=== MATERIAL TO PROCESS ===

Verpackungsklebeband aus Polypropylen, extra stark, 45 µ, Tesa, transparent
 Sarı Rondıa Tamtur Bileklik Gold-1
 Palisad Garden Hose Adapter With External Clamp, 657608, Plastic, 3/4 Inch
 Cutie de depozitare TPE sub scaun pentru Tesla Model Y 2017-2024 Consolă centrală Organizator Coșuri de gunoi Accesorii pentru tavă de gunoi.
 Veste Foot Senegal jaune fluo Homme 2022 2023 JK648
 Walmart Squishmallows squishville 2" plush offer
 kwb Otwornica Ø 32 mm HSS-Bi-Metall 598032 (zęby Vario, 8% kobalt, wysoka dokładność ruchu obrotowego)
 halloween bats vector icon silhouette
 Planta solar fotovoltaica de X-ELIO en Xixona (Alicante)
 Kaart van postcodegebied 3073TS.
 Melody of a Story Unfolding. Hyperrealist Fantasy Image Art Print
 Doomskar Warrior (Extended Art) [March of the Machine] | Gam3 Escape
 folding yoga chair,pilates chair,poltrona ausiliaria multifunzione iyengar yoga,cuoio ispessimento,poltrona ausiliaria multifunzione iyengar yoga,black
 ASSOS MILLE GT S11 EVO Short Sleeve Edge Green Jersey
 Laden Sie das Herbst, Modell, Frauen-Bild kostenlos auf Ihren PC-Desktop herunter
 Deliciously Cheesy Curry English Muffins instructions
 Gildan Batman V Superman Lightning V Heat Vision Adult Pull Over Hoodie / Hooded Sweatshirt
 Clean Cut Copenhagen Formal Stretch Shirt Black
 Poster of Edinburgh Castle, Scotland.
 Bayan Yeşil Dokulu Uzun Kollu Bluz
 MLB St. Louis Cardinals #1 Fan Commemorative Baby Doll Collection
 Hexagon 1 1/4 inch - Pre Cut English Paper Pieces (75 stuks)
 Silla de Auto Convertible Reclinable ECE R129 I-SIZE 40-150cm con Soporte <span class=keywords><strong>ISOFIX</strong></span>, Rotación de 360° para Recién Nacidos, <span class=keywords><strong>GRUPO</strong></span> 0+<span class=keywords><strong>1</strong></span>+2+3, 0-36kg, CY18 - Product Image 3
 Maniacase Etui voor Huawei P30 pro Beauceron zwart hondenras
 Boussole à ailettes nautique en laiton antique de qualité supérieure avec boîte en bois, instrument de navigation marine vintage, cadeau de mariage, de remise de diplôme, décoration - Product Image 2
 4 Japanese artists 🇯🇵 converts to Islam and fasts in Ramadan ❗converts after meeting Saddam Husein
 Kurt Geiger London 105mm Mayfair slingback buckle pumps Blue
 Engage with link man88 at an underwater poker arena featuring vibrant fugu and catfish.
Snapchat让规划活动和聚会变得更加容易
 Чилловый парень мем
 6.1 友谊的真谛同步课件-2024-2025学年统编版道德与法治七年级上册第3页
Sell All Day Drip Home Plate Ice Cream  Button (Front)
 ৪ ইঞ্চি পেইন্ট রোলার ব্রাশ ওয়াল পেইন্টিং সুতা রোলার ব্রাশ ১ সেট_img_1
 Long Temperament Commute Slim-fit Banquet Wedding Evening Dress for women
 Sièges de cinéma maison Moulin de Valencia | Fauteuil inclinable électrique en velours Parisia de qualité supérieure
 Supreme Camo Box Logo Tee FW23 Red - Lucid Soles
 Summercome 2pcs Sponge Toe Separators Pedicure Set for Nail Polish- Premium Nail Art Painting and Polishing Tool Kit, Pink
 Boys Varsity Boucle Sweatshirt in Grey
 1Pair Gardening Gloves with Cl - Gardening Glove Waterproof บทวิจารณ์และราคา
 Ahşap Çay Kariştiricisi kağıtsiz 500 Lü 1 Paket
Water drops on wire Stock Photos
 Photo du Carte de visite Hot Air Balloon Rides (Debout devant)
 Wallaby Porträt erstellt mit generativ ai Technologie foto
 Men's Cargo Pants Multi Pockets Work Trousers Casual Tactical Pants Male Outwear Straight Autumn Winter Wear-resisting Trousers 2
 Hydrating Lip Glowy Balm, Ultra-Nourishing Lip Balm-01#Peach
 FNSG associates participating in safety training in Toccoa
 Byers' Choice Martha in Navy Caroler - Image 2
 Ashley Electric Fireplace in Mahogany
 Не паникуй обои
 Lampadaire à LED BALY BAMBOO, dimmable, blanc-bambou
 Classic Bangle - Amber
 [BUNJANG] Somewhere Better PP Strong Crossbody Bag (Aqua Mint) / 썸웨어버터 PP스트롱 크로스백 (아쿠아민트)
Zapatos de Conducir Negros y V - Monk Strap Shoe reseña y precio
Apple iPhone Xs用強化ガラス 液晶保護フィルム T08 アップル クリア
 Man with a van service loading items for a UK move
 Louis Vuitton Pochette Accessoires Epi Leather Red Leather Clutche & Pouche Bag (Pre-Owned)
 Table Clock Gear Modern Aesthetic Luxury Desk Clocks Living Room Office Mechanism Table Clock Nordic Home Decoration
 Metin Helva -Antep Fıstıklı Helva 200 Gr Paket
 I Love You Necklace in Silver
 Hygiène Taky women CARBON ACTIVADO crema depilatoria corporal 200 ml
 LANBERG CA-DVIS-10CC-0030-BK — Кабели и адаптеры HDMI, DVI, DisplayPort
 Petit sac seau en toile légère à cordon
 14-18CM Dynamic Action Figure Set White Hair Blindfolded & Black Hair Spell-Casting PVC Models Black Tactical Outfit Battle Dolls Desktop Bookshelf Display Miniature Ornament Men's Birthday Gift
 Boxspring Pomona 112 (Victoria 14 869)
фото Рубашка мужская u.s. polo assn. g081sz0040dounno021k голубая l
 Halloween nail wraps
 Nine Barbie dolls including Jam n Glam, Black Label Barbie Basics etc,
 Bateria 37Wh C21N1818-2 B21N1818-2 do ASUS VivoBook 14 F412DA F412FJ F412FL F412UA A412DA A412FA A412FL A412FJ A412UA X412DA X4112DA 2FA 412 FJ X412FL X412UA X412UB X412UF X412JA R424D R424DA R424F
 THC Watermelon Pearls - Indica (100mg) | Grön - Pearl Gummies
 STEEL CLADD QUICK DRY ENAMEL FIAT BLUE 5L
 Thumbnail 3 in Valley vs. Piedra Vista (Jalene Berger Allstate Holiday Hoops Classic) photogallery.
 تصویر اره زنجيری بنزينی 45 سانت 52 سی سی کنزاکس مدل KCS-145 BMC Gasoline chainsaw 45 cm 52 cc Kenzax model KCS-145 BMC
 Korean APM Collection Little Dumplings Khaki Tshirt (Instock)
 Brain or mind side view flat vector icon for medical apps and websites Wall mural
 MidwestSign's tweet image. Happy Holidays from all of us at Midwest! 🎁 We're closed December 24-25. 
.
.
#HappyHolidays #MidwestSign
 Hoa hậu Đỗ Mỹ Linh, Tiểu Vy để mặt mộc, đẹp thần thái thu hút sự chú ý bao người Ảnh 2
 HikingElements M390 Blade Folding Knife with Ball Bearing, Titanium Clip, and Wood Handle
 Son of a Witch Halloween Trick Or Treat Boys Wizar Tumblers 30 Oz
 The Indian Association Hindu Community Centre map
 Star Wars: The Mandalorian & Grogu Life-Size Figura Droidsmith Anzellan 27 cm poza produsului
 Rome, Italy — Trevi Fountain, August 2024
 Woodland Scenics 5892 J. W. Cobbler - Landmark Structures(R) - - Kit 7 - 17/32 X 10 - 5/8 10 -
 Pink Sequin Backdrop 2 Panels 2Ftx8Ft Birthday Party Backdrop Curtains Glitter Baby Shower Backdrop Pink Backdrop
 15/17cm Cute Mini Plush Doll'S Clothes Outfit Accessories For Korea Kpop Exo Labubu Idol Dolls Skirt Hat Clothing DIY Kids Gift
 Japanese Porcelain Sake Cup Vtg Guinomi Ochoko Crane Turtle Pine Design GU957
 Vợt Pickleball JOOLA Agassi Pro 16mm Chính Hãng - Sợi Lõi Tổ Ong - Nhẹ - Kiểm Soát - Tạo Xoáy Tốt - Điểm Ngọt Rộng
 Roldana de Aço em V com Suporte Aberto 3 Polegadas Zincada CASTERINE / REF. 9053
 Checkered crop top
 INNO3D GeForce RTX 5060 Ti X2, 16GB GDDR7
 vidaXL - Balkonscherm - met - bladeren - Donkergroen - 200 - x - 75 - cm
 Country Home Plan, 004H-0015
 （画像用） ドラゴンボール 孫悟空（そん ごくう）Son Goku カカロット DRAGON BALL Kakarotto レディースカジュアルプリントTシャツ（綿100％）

===

[EXERCISE]: Each line from the start of the listing through the line with "ASSOS MILLE GT" is to be restated verbatim, both ends included.

[WRITTEN RESPONSE]:
Verpackungsklebeband aus Polypropylen, extra stark, 45 µ, Tesa, transparent
 Sarı Rondıa Tamtur Bileklik Gold-1
 Palisad Garden Hose Adapter With External Clamp, 657608, Plastic, 3/4 Inch
 Cutie de depozitare TPE sub scaun pentru Tesla Model Y 2017-2024 Consolă centrală Organizator Coșuri de gunoi Accesorii pentru tavă de gunoi.
 Veste Foot Senegal jaune fluo Homme 2022 2023 JK648
 Walmart Squishmallows squishville 2" plush offer
 kwb Otwornica Ø 32 mm HSS-Bi-Metall 598032 (zęby Vario, 8% kobalt, wysoka dokładność ruchu obrotowego)
 halloween bats vector icon silhouette
 Planta solar fotovoltaica de X-ELIO en Xixona (Alicante)
 Kaart van postcodegebied 3073TS.
 Melody of a Story Unfolding. Hyperrealist Fantasy Image Art Print
 Doomskar Warrior (Extended Art) [March of the Machine] | Gam3 Escape
 folding yoga chair,pilates chair,poltrona ausiliaria multifunzione iyengar yoga,cuoio ispessimento,poltrona ausiliaria multifunzione iyengar yoga,black
 ASSOS MILLE GT S11 EVO Short Sleeve Edge Green Jersey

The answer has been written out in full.